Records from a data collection

Start of Block

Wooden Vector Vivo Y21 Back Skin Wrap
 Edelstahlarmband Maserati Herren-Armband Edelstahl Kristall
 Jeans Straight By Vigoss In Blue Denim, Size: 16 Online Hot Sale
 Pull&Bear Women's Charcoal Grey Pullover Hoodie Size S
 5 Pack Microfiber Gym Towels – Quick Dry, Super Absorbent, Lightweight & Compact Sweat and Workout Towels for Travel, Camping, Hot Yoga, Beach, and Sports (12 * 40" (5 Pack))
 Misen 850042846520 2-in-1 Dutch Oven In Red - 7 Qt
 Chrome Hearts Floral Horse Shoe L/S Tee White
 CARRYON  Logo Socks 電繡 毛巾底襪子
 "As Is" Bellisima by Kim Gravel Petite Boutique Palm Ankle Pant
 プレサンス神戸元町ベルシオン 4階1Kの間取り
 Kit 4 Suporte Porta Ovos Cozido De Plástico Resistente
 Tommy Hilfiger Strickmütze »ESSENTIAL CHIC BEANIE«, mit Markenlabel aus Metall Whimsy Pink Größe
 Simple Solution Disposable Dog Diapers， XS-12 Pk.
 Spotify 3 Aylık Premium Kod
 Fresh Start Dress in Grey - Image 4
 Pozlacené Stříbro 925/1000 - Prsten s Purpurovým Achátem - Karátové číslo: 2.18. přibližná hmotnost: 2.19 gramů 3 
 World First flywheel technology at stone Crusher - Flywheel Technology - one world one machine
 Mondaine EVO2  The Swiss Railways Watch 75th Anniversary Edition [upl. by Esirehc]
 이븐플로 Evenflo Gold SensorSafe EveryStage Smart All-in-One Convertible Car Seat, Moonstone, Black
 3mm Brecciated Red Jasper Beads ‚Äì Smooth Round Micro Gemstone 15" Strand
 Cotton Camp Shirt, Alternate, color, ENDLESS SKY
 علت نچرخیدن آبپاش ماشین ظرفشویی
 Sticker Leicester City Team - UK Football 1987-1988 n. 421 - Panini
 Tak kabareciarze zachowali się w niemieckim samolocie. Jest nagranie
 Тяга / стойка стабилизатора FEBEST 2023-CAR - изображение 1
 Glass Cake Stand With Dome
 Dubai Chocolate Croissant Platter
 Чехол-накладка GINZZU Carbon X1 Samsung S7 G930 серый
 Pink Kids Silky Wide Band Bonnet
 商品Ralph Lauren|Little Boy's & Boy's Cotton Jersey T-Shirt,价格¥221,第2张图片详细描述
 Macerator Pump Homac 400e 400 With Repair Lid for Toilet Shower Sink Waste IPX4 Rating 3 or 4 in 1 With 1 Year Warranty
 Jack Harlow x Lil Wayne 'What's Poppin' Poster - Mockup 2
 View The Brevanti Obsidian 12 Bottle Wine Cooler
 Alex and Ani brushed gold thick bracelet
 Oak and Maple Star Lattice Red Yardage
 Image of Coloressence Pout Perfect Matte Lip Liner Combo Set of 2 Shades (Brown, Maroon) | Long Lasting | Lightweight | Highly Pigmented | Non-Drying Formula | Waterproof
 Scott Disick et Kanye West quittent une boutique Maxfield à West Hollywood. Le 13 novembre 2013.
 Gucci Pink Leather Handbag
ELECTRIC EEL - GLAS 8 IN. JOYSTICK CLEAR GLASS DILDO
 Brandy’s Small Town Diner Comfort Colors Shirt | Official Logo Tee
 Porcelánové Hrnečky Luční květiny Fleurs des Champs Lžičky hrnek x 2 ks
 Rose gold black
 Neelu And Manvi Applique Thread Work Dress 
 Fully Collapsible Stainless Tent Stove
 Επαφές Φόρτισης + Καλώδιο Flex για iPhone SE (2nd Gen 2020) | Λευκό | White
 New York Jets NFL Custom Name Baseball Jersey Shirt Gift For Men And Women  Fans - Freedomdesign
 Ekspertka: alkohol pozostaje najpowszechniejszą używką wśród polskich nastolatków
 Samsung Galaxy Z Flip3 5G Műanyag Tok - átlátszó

End of Block

EXERCISE PROMPT
Within the lines above, find those holding the word "Dress" and copy them.

OUTPUT OF THE TASK
 Fresh Start Dress in Grey - Image 4
 Neelu And Manvi Applique Thread Work Dress 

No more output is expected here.